The year 2004 might well be one in which total returns don't run into the double-digits, then again, we'll have to wait twelve months to see. In the meantime, I asked three different equity fund managers -one an international fund manager, another a quantitative manager and the third a bottom-up stock picker--about their views for the coming year. Here are their comments:

Edmund Harriss, of Guinness Atkinson Asset Management, is portfolio manager of two world equity funds, the Asia Focus Fund and the China & Hong Kong Fund. While international funds had been the focus of most late-trading or market-timing allegations, this fund family's record is a clean one. "In common with all providers of international funds, we have received a request for information from the SEC but we have taken great care for many years to eliminate opportunities for market-timers," says Harriss.
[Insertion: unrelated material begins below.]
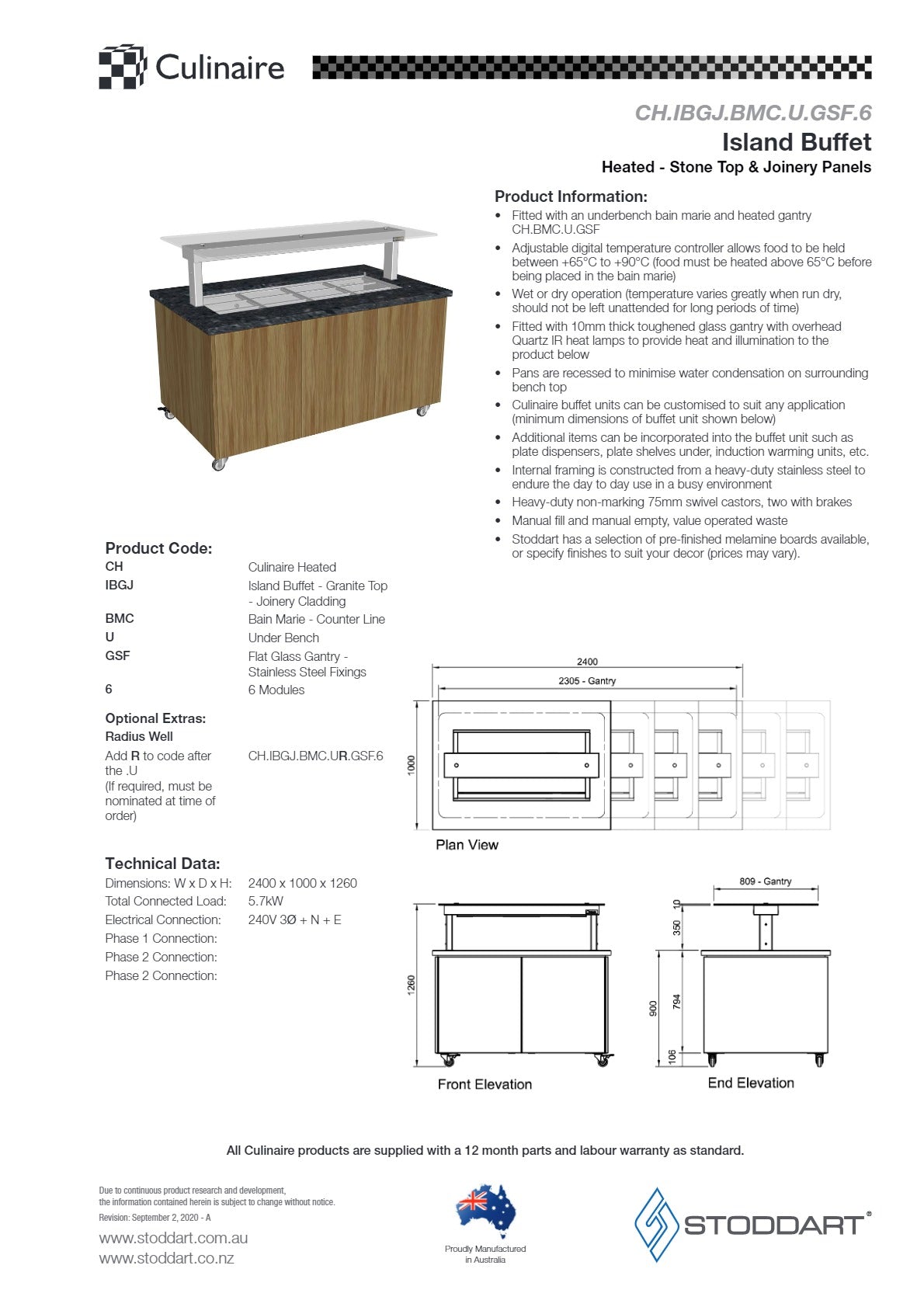 Culinaire CH.IBGJ.BMC.U.GSF.6 - Heated Mobile Island Buffet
Pleased with the returns on both funds (the Asia Focus Fund was up nearly 58 percent as of December 12 and the China & Hong Kong fund ahead over 64 percent), Harriss's outlook for 2004 is a positive one. "Asian markets are still not expensive both on fundamental grounds and by comparison to their own history despite the strong run they had this year (2003).
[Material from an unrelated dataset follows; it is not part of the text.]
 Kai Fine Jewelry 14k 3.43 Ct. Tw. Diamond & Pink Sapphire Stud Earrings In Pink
What's the advice he'd give the new or seasoned fund investor for the coming year? To use mutual funds rather than " rifle-shooting" individual stocks because of the diversification funds provide and because many of the smaller and medium-sized companies his funds invest in aren't always listed on the New York Stock Exchange.
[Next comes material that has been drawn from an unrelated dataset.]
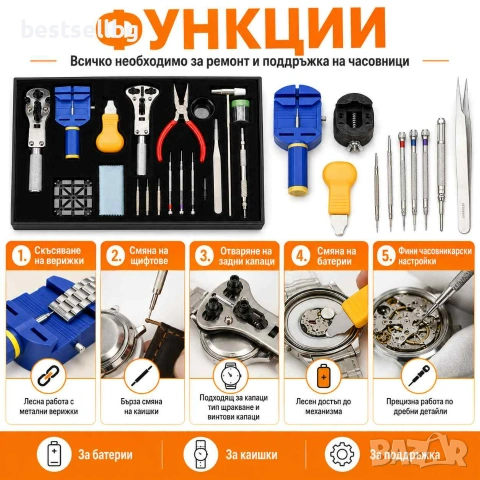 Професионален комплект часовникарски инструмент лупа отвертки пинсета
"International funds make sense to US investors when they give exposure to economies that are growing faster than their own and where there is value," says Harriss. " And Asia, in particular China, is enjoying profitable economic growth that is faster than growth in the US."

Dick Cancelmo is portfolio manager of the Bridgeway Balanced Fund which is another fund family that has not had any involvements with any market-timing or late-trading allegations.

Unlike Harriss, who is a citizen of the UK and doesn't invest his own money into the funds he manages because of the tax disadvantages, Cancelmo does own shares of the fund he manages. "Bridgeway managers are prohibited from owning stocks so our main source of stock market exposure is through our own funds," he says.

This quantitative fund manager is also pleased with the fund's total return in 2003( as of Dec. 26, it was up 17 percent) and plans on keeping the same disciplined approach to investing in the new year. He says that there have been no major changes in the fund holdings and feels this is a huge positive in that "we have tremendous discipline to adhere to our quantitative focus."

The advice that he gives fund investors is simple: "Don't chase performance! You need to have a written asset allocation plan that you can implement and keep in place for the long haul."

Kevin Callahan, portfolio manager of the Century Small Cap Select Fund, is also part of a fund family that has not been involved in any of the late-trading or market-timing allegations. And, yes, he does invest his own money into the fund he manages.

Century's investment approach is a bottom-up one, meaning he focuses on analyzing a company's fundaments one-by-one rather than approaching the investment decision on a macro basis. " As a result, " says Callahan, "we spend a lot of time visiting companies at their headquarters and conducting field research.'

The fund was up 46 percent as of Dec. 26, and Callahan is "cautiously optimistic" about 2004. He thinks the outlook for both small-cap and large-cap stocks will be similar in the new year. "I expect the market to be relatively flat to modestly higher with the higher quality stocks outperforming lower quality stocks."

His investment advice? "First and foremost, investors should focus on the long term. The stock market tends to go through cycles and investors need to be mindful of this trend. Second, I encourage fund investors to do their homework and if an investment approach is difficult to understand, then be cautious. The keys to investing include being disciplined, objective and doing your homework."